Quand l’offre de gaz est inférieure à la demande, c’est la pression du gaz qui baisse un peu dans les conduites ce qui n’est pas tragique. Pour l’électricité, le phénomène homologue, c’est la baisse de la « fréquence » – les cinquante oscillations par seconde du courant alternatif – et la plupart des appareils non thermiques déclenchent ! C’est grave.
En théorie économique, l’électricité cumule pratiquement toutes les exceptions aux heureux effets de l’économie de marché.
D’où suit qu’on peut militer avec conviction pour la régulation par le marché, et en exclure l’électricité.

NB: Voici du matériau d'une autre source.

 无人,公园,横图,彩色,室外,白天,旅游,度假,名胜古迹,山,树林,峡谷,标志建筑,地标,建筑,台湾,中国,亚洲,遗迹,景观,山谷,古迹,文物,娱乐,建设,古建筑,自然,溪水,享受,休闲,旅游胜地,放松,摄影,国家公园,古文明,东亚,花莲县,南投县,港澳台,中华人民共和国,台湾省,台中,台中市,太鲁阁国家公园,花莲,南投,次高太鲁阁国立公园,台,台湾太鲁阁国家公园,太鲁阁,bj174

On a vu, dans les débuts, quelques naïfs prétendre qu’il suffisait d’ajouter le prix d’emploi des réseaux au prix de production pour obtenir le prix final de la fourniture, comme s’il s’agissait de salades ou d’espadrilles. Mais quand les tarifs comportent à chaque stade prime fixe (au kW) et prix d’énergie (par kWh), ils ne sont plus additifs;
7. Grâce à son parc nucléaire, l’EDF bénéficie de prix de revient bien plus avantageux que ses collègues allemands, mais les lois du marché étant ce qu’elles sont, ce ne sont donc plus, dorénavant, ses clients qui vont en profiter, mais ses actionnaires – c’est-à-dire l’Etat pour l’essentiel.
Toutefois, ceux des clients d’EDF qui ont eu la sagesse, ou la pusillanimité, de ne pas quitter le giron de la grande Maison, bénéficient encore, eux, de prix (dits réglementés) nettement moins élevés que les prix du marché, dans la ligne de ce que seraient restés les tarifs français de l’électricité. Aussi l’Etat a-t-il exigé, au mépris des principes de l’économie de marché, qu’EDF offre à ses anciens clients malheureux le retour provisoire à un tarif régulé de transition. De son côté, Bruxelles exige la suppression de tous ces tarifs réglementés qui, comme le nez au milieu de la figure, donnent la mesure de la perte dont sont victimes les clients français qui n’en bénéficient plus du fait de l’ouverture à la concurrence et de leur option pour les prix de marché. Quant aux dits clients, leur seule consolation est de savoir qu’au moins pour l’essentiel c’est l’Etat français, actionnaire à près de 90 % d’EDF, qui va bénéficier de leur malheur au titre des dividendes et plus-values promis aux actions qu’il détient (et aux impôts sur les bénéfices qu’il se payera à lui-même !).